Christiane Hoffmann Alles, was wir nicht erinnern. Zu Fuß auf dem Fluchtweg meines Vaters

Übersetzungsförderung
Für diesen Titel bieten wir eine Übersetzungs­förderung ins Italienische (2022 - 2024) an.

Fluchttrauma und Geschichtskrieg

In Deutschland ist Christiane Hoffmann als toughe Kriegsberichterstatterin bekannt. Lange arbeitete sie für die Frankfurter Allgemeine Zeitung und den Spiegel aus dem Iran, aus Afghanistan, aus Moskau und seinen damaligen Kriegsschauplätzen in Tschetschenien. Inzwischen ist sie Regierungssprecherin unter SPD-Kanzler Scholz. Sie kennt das politische Tagesgeschäft ebenso wie das tägliche Politgeschäft unter instabilen Regierungen. Jetzt hat sie ein sehr bewegendes Buch über die verlorene Heimat ihrer Familie geschrieben und damit einen dreifachen Sachbuch-Rittberger bewerkstelligt. Denn „Alles, was wir nicht erinnern“ ist ein Buch, das einfach zu lesen ist und dabei hohe Komplexitätsgrade durchläuft.

Ausgangspunkt ist die Flucht eines damals neunjährigen Jungen aus seinem schlesischen Heimatdorf, das im heutigen Polen liegt. Der Junge ist Christiane Hoffmanns Vater. Seine Fluchtroute wandert die Tochter nun Jahrzehnte später nach. Nahezu 500 Kilometer durch Sturm und Kälte, durch Gestrüpp und Moor von schlesisch Rosenthal bis böhmisch Egerland und eben später bis nach Wedel in Schleswig-Holstein. Und zuhause wird darüber, was typisch ist für die Kriegsgeneration, kaum ein Wort gesprochen: „Sie klagen nicht über das, was sie erlitten haben. Dafür brauchen sie auch nicht darüber zu sprechen, was sie getan haben. Man hat bezahlt, und damit muss es jetzt auch gut sein.“ Gut ist natürlich gar nichts. Das Trauma der Flucht wird nicht verarbeitet, sondern verdrängt und tritt bei der 1967 geborenen Tochter in Form von Alpträumen wieder auf. Zwei Szenarien plagen sie: überhastetes Kofferpacken und Bilder einer Flucht.

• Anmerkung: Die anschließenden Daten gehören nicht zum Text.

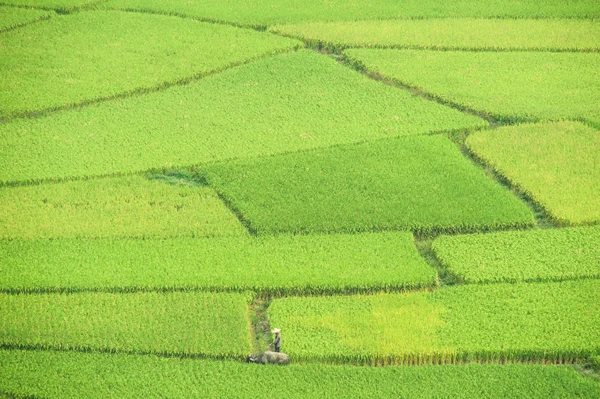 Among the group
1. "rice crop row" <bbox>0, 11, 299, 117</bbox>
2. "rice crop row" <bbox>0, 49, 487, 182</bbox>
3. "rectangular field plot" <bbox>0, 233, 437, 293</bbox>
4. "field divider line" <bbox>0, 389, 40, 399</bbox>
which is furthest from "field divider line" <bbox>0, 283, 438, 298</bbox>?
"rice crop row" <bbox>0, 11, 299, 117</bbox>

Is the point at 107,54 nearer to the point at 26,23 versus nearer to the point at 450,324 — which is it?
the point at 26,23

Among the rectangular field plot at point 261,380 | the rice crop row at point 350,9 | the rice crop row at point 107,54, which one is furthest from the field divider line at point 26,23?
the rectangular field plot at point 261,380

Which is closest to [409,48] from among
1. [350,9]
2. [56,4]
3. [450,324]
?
[350,9]

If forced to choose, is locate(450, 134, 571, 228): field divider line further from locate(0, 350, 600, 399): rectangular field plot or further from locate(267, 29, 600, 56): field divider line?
locate(267, 29, 600, 56): field divider line

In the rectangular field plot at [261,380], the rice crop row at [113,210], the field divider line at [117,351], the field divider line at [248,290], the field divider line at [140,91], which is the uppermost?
the field divider line at [140,91]

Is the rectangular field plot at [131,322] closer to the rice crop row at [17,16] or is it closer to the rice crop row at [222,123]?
the rice crop row at [222,123]

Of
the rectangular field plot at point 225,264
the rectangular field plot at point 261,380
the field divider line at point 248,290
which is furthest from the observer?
the rectangular field plot at point 225,264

„Gut“ ist übrigens auch nichts für die Familie, die den Hof der Hoffmanns 1945 übernimmt. Die neuen Rosenthaler hatten Zwangsarbeit in einer deutschen Marmeladenfabrik leisten müssen und als sie zurückkamen, sagte man ihnen, ihr Dorf in der Westukraine sei jetzt nach Schlesien verlegt worden. So wurde Rosenthal erzwungenermaßen zu ihrer neuen Heimat. Für uns Leser werden die polnisch-ukrainischen Beziehungen anhand dieser kleinen Episode in ihrer historischen Tragweite transparent. Man versteht, wie verwoben die Schicksale all jener Menschen sind, die Opfer der geopolitischen Verschiebungen des 20. Jahrhunderts geworden sind.

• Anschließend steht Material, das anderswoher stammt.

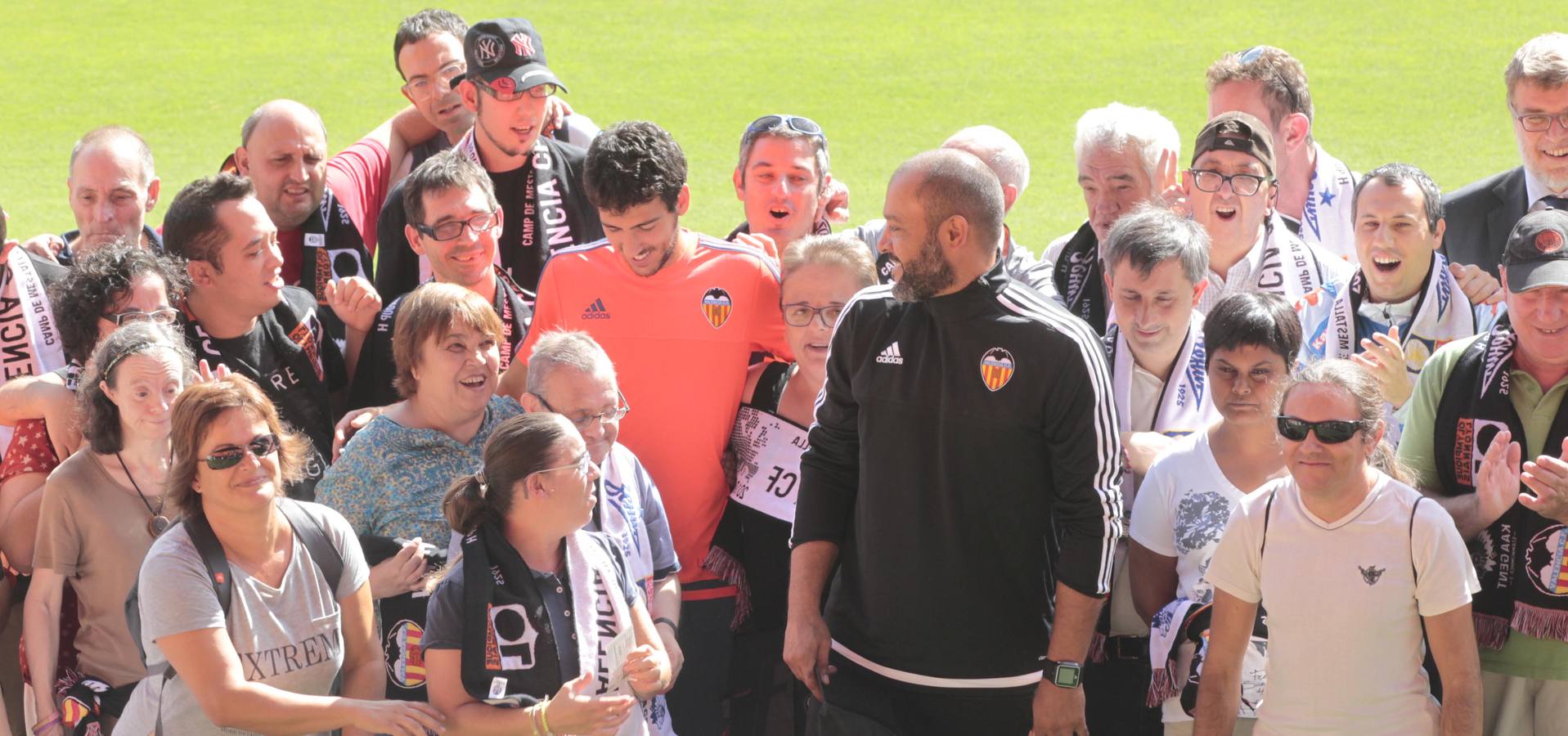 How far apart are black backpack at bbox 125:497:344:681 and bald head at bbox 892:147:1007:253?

Die Angst vor „dem Russen“ war dabei das Schreckensbild der Hoffmanns. Wie von einer unsichtbaren Hand gesteuert zieht es deren Tochter nach dem Abitur nun genau dort hin. Zum Russen. Christiane lernt die Sprache des Feindes – übrigens bei der berühmten Dostojewski-Übersetzerin Svetlana Geier –, zieht nach Moskau, heiratet dort. Und fragt sich Jahre später: Wieso beschäftige ich mich seit über 40 Jahren mit dem Osten? Was steckt dahinter? Der Schlüsselsatz an die eigenen Eltern lautet: „Ich bin krank, von dem Heimweh, das ihr nie hattet.“ Darum also geht es in diesem Buch: an die Quelle des Unglücks zurückzukehren, die Trauer endlich zuzulassen und damit den Familienfluch loszuwerden.

Christiane Hoffmann konnte vom Ukrainekrieg noch nichts wissen, als sie die Fahnen zu ihrem Buch abgegeben hat. Nun trifft es mit seiner Fluchtthematik auf gespenstische Weise unsere Gegenwart. Flucht als reale Erfahrung. Und Flucht als Versehrung, die Generationen betrifft. Um hier noch etwas genauer hinzusehen, bleibt die Autorin nicht bei der eigenen Familiengeschichte stehen, sondern liefert wandernd einen Lagebericht aus der polnischen und tschechischen Provinz. Hier begegnet sie deutschstämmigen Revanchisten ebenso wie liebenswürdigen Europahassern, resignierten Heimatmuseumsdirektoren, und engagierten Jungeuropäern. Alles in allem aber ist das Bild von vielen Rissen durchzogen. Es sind vor allem Desinformation und Ressentiment, die es schwer machen, in diesen Regionen des Ostens die Idee blühender europäischer Landschaften attraktiv zu machen. „Woher soll Europa die Kraft nehmen, das alles zu heilen?“, fragt Hoffmann einmal.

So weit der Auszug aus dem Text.